Honey Chocolate Chunk Cookies

Honey Chocolate Chunk Cookies

Spring is in the air, graduate school has wrapped up for the spring semester, and the wind carries the feeling of renewal. The next two weeks will be filled with more rest and leisure than I have had in the last four months combined—a welcome break to stretch my limbs and a chance to play around in the kitchen. Even though I have a summer of classes before me (and a graduation date looming on the horizon), the job hunt has already begun.

Reality can never quite escape me completely.

Honey Chocolate Chunk Cookies Honey Chocolate Chunk Cookies

Each job application represents a new road, an unknown path, a concrete possibility in a world filled with dreams. Each application is a window into a potential future, a peak at what my life might become. Even though the process can be arduous, each time I hit the submit button, I take a deep breath as a bright future flashes before me. The moment is brief, but exhilarating. I take a second breath to calm myself down and remind myself not to get my hopes too high. While full of hope and opportunity, job applications can also bring about feelings of rejection and sorrow.

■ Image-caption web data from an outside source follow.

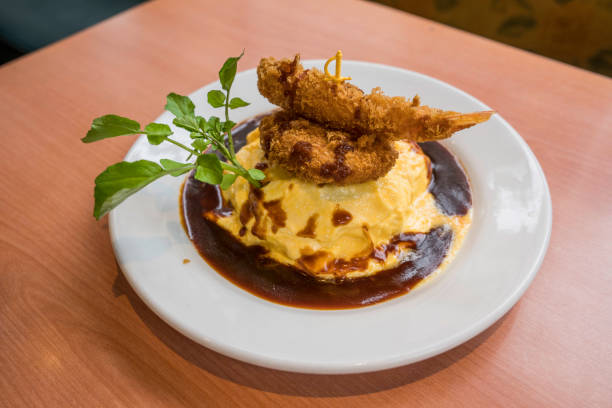 This image shows a mouth watering demi-glace egg omurice and tempura dish in japan.
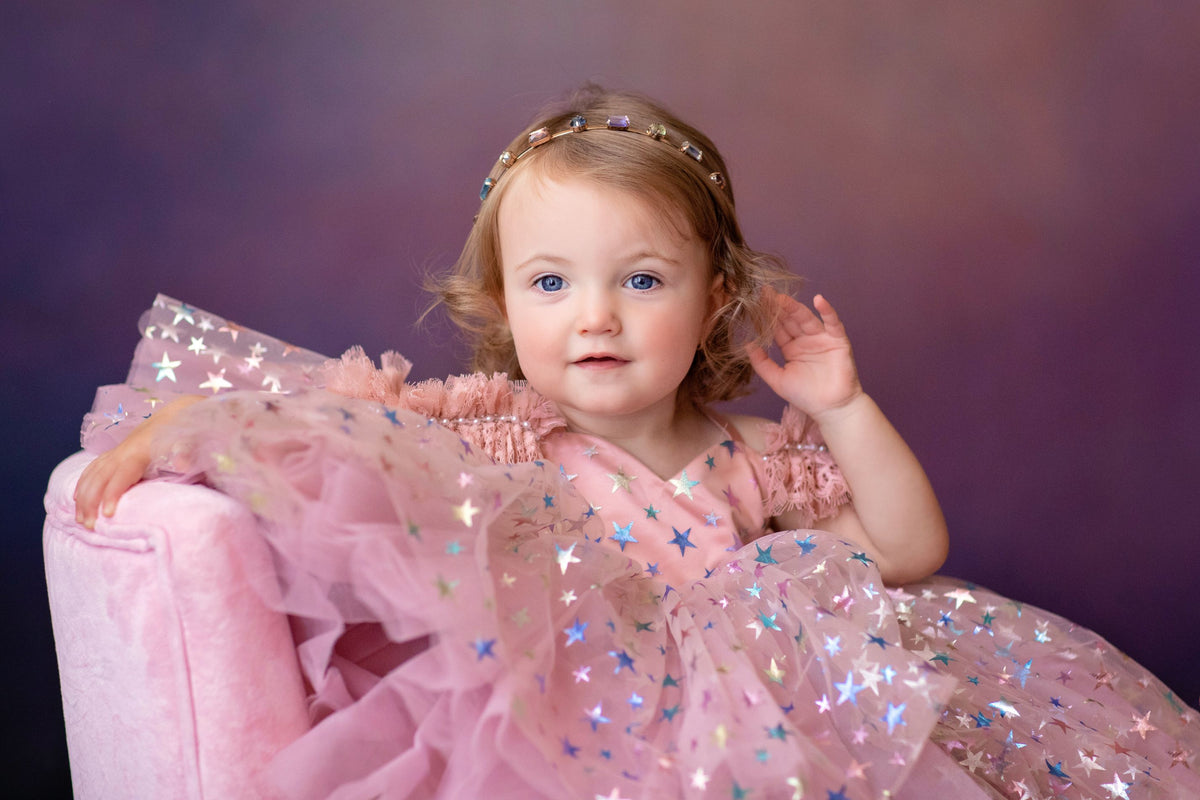 Star-themed dress perfect for styled photography sessions

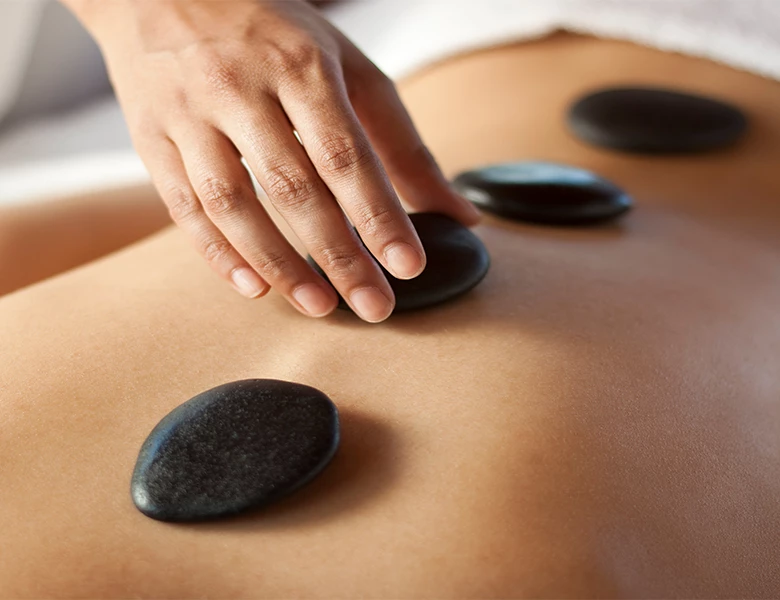 a person getting a hot stone massage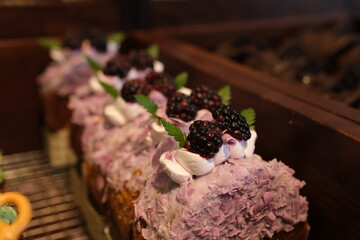 This exquisite dessert showcases modern confectionery art with its smooth purple mousse layers,...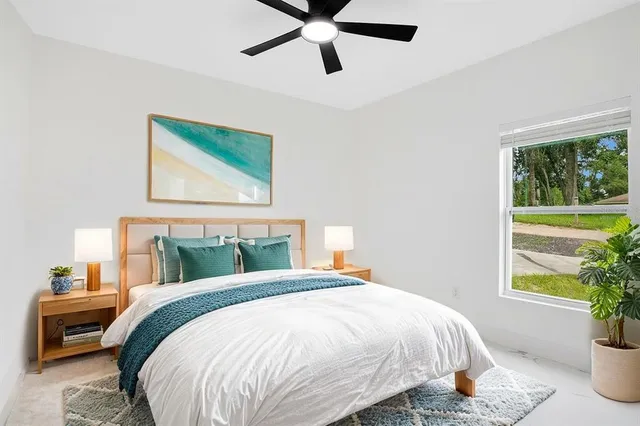 an empty room with a window and a ceiling fan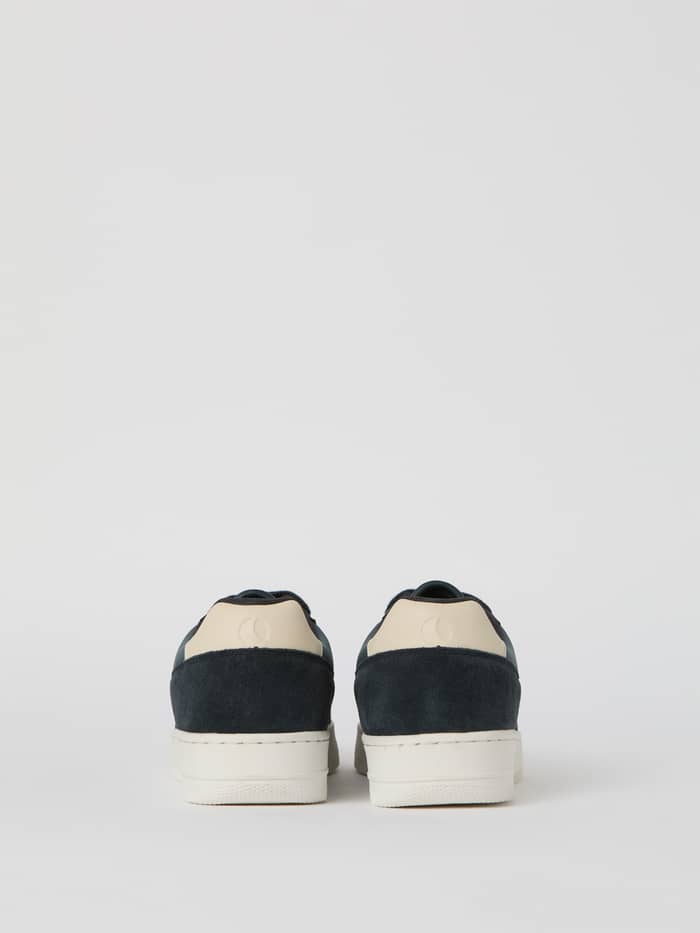 Back view of the Men's Line Sneakers in navy, featuring a functional suede and synthetic leather mix and a tonal heel logo. - Image 2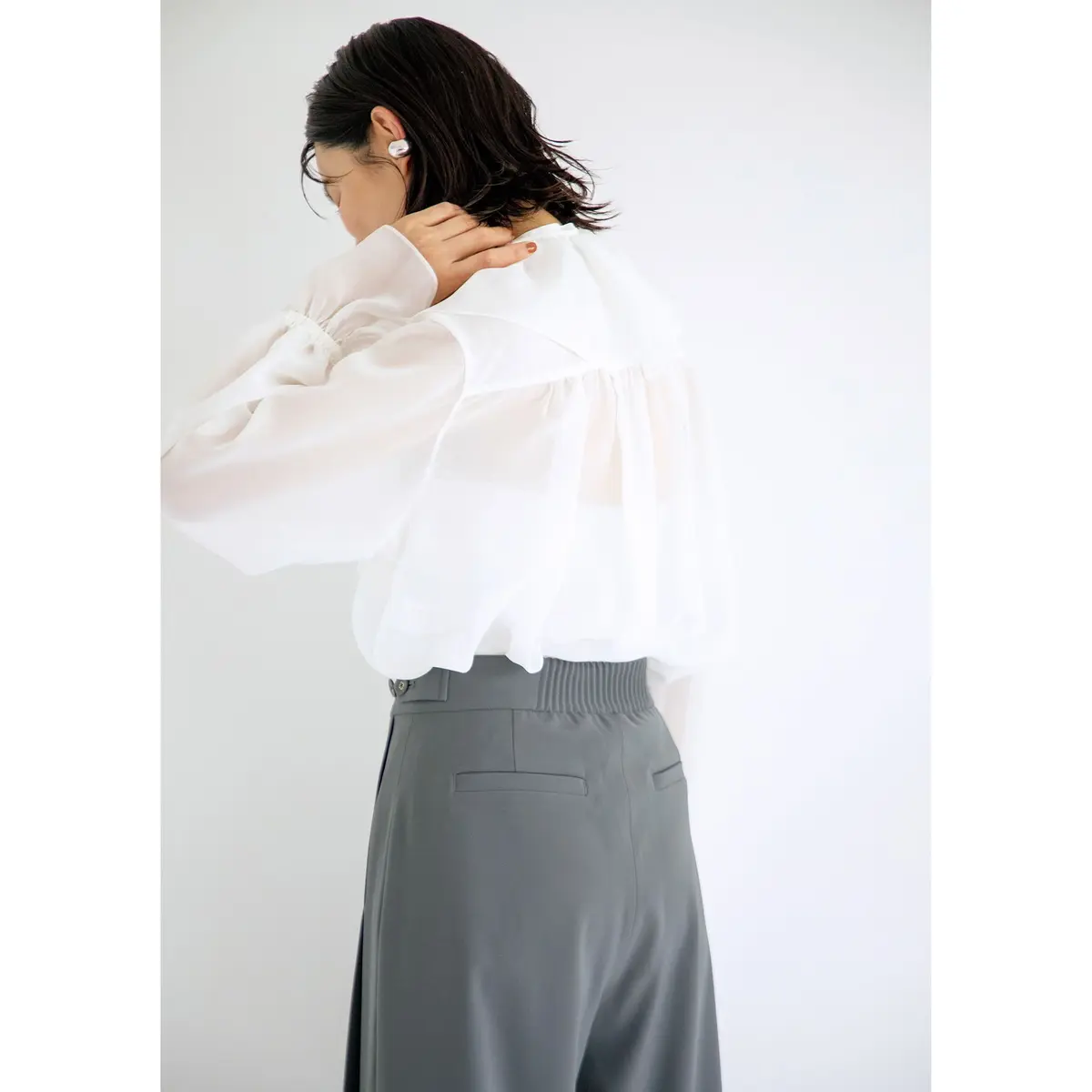 白いフリルシャツにグレーのワイドパンツを合わせた女性。笑顔でこちらを見ている。シルバーのハンドバッグを持つ。背景は白。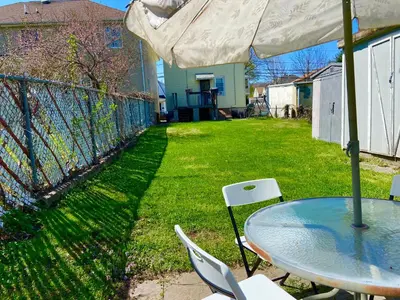 a patio with a table and chairs and an umbrella at Bright, Stylish and Comfortable Room with Workspace! in Haledon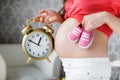 Happy future mother with pink booties in hand Royalty Free Stock Photo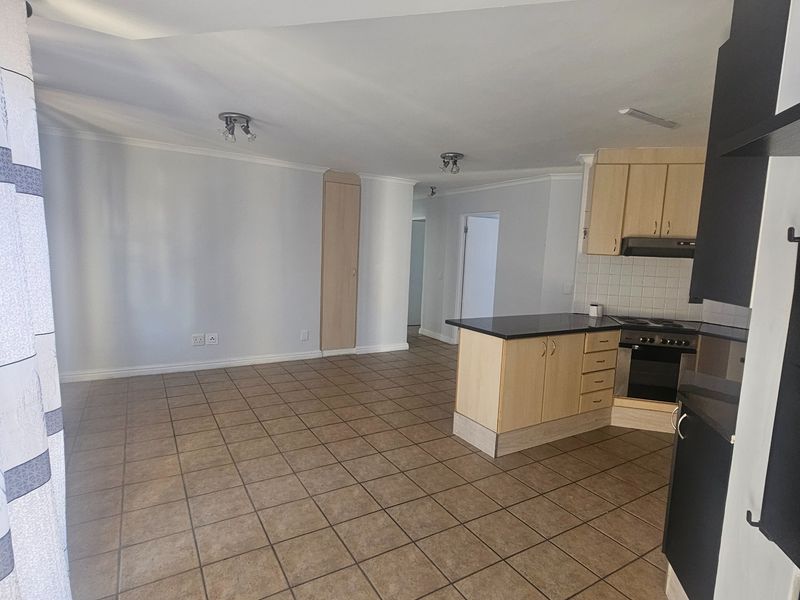 Secure 3-bedroom And 2-bathroom Apartment In Table View - Photo 3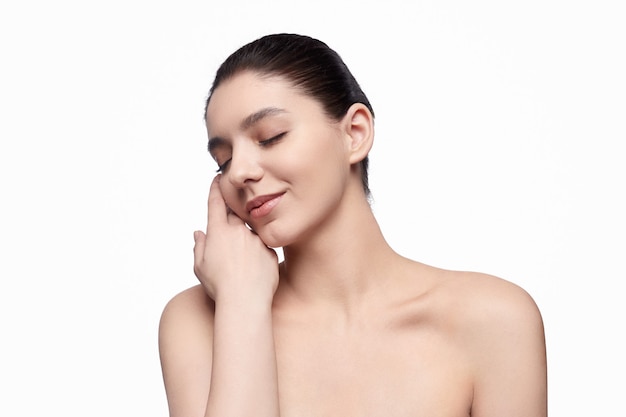 Happy young female against a white background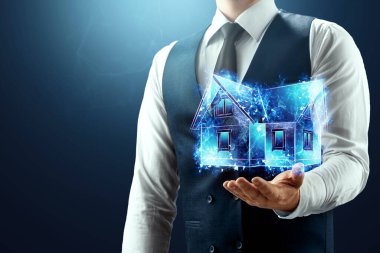 İş adamının elinde evin mavi bir hologramı var. Ev kredisi, ipotek, konut için banka kredisi, yatırım. Karışık ortam.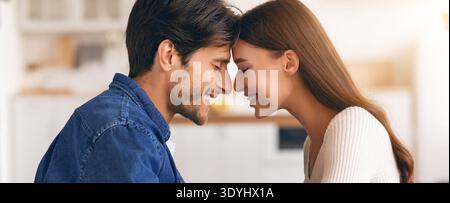 Ein Paar teilt tagsüber einen Moment der Verbindung in einer hellen Küche Stockfoto
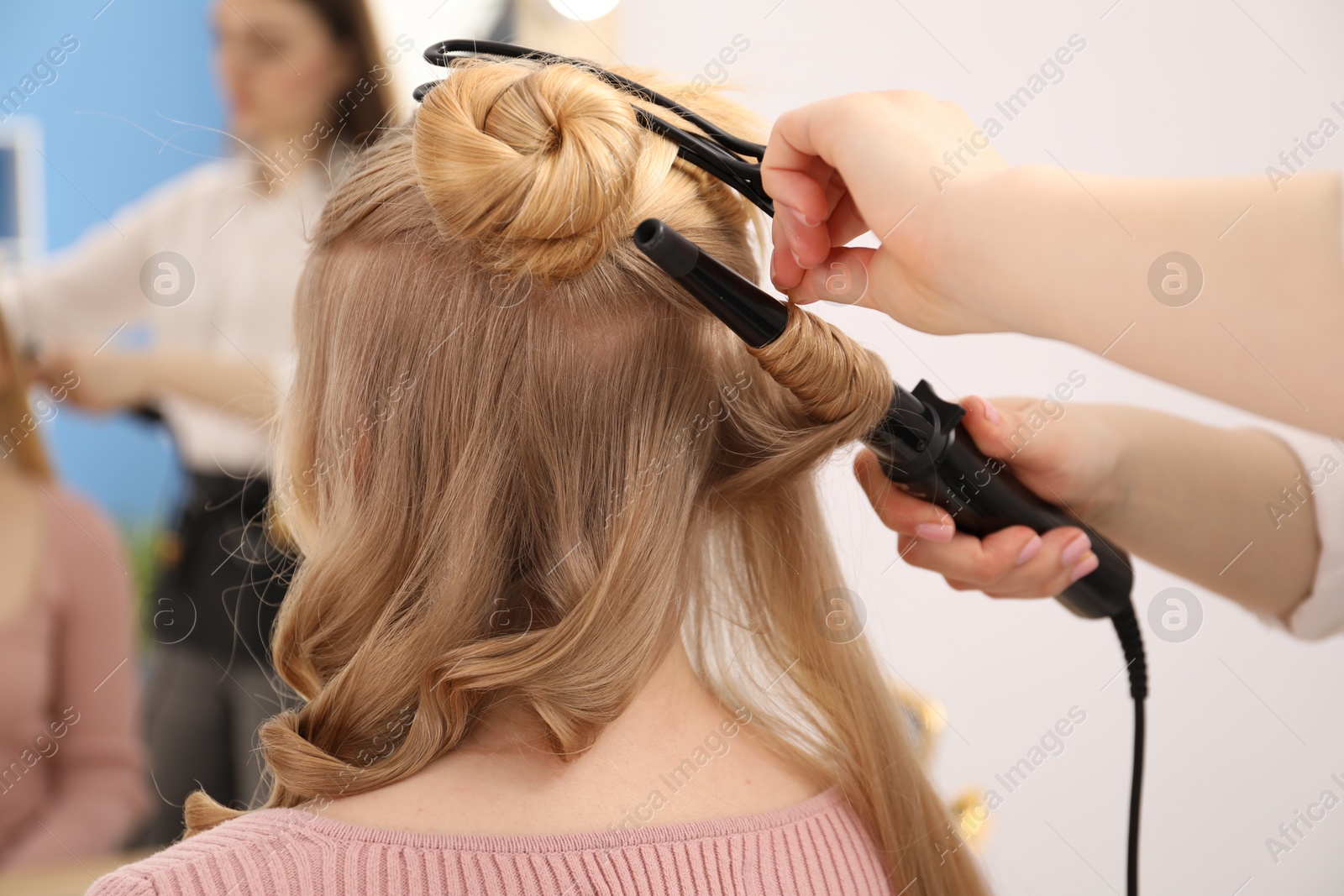 Hairdresser curling woman's hair in salon, closeup Photo of Hairdresser curling woman's hair in salon, closeup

The trick is to keep your head held high, your feet facing forward, and to replace lost dreams with new possibilities. To add new roads to the map of life.

Honey Chocolate Chunk Cookies

My job search has led me down interesting paths, as I send off applications to other states and cities I have never been. It feels a bit like fishing; I have cast my line and now I must hope the fish are biting. As I anxiously awaited replies (or a lack thereof) this weekend, I made a batch of cookies to calm my nerves. Baking has a way of bringing peace into my life, as I mix ingredients by hand and move slowly around the kitchen to make the moment last longer.

While these Honey Chocolate Chunk Cookies will not make time pass faster, they bring about a sweetness that makes the wait much more bearable.

Honey Chocolate Chunk Cookies

Honey Chocolate Chunk Cookies have a coveted soft-baked texture that lasts for days. A classic chocolate chunk cookie batter has a few added tablespoons of honey, which lend a soft flavor and chewy nature to the cookies. The addition of whole wheat flour gives the cookies a nutty undertone. Fresh from the oven, warm with melted chocolate, these cookies are a sweet fantasy.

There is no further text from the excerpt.